Appropriate street art in Florentin

With any luck, the government will declare a unilateral cease-fire this evening and the fighting (or at least the worst of it) will be over. Apparently Israel has enough guarantees, from the Egyptians, the Americans and others to be able to call it a day and declare a victory of sorts. If all goes according to plan, the residents of southern Israel can at last look forward to not being shelled for a while, while on the Egyptian side of the Gaza-Egypt border and even further afield, steps will be put in place to prevent the Hamas from re-arming.

If that indeed happens the Israeli public, which has overwhelmingly supported this war, will be satisfied (for a while) and the politicians can go back to running for the elections (set for Feb 10). Moreover, the prevalent Israeli notion that every once in a while the country has to "go crazy" and show the neighbours that we are just as barbaric as they, will have been validated yet again. Public opinion will move to the right andd despite not leading the country in war, Netanyahu has an excellent chance of becoming the next Prime Minister.

Israeli shells explode near the border.

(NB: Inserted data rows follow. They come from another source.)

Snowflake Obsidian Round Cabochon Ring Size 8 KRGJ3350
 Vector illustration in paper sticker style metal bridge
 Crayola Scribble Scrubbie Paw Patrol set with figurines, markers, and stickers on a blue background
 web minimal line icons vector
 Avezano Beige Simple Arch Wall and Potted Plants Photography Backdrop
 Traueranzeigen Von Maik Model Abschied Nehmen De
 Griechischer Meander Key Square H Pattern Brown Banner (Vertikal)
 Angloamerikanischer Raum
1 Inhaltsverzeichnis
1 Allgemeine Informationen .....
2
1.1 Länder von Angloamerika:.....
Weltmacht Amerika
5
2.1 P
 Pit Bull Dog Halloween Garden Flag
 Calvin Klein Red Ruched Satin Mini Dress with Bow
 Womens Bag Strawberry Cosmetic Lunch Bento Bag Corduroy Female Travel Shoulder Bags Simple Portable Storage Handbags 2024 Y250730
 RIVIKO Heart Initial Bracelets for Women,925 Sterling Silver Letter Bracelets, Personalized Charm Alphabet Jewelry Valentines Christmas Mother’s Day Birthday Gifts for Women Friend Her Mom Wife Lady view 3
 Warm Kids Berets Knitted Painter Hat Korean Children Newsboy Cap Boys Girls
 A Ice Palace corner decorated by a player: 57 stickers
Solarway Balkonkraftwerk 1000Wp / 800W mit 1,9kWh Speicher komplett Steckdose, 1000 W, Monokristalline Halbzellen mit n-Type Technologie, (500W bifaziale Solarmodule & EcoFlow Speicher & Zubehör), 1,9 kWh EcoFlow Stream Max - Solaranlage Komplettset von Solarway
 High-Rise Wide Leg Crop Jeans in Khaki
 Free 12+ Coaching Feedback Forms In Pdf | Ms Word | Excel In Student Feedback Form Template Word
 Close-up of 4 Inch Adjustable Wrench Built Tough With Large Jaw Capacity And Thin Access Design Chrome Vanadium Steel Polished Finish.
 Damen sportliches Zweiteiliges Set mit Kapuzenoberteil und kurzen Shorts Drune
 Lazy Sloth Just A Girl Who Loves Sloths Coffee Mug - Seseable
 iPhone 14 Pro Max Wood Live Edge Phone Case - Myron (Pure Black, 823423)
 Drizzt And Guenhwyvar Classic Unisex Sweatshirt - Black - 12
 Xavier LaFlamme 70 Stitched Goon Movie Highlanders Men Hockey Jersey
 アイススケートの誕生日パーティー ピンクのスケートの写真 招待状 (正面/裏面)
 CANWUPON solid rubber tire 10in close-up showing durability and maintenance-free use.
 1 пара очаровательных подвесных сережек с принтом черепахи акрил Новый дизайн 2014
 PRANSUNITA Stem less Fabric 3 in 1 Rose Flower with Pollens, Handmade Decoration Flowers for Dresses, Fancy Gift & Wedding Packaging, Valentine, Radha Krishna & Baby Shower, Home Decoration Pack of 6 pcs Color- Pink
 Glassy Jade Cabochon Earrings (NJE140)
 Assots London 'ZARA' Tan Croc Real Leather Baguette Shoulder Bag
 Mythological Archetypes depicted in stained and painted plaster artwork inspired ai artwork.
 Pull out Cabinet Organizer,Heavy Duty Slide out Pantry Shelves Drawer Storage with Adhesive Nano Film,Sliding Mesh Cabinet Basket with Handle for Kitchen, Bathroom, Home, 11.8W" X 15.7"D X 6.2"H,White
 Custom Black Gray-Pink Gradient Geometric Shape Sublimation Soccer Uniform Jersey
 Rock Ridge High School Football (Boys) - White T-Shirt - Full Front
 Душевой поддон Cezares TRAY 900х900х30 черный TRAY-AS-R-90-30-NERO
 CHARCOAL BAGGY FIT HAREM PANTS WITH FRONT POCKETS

Officers admitted that the operation was "very violent".

But once the dust has settled on the shell-shocked, bloodied and miserable residents of Gaza and the extent of the damage casued by the army's no-holds-barred invasion is exposed for all to see (even in Israel), other consequences will come into play.

One is that (thanks to death and destruction already exposed) Israeli public opinion will be almost completely isolated and with Obama swearing in as Pres on Tuesday, international public opinion will be more bent than ever on finding a "solution" to the Israeli-Palestinian conflict. We (and the Palestinians) can hopefully expect lots more pressure - and about time too.

Another, is that Israel did not topple the Hamas leadership. Hence, Hamas, however bruised and battered, will still be in power in Gaza. The surviving population has not gone away either. Operation Cast Lead might stop the rockets for as while but it's not going to stop the problem known as Gaza. If, until now Israel's approach has been to squeeze the Gazans dry in the hope that they will revolt against the Hamas leadership then the war has finally proved this to be a fallacy. Now, more than ever, the people of Gaza will hate Israel (and those, like the Palestinian Authority, perceived as helping Israel) more than they hate the Hamas.

In short, we still need to deal with Gaza and Gaza certainly needs to deal with us. If the armed threat is more or less removed, isn't it time for a radical rethink in which, at least, the civilian population is not held ransom for the sins of its leaders? If we decided not to topple Hamas by military means, there is clearly no way it can be done by economic ones. The war was caused at least partly by this seige and the time has come to stop it. The border crossings should be opened wide to allow the people of Gaza to slowly reconstruct their lives. And that could be the beginning of a new equation : an international ban on arms going into Gaza but international safeguards for ensuring that everything else gets in. Demonizing everyone in Gaza is not the way.

There are some who say that the war has also put an end to a two state solution. Gaza lies in ruins but has survived as an "independent" Hamas entity; the Palestinians are still internally divided; the Arab League is considering withdrawing its peace plan; Abu Mazen has been weakened in Ramallah while in Israel there will be less political will than ever to dismantle settlements. Obama would indeed have be the Obamessiah to turn all this into a more positive scenario.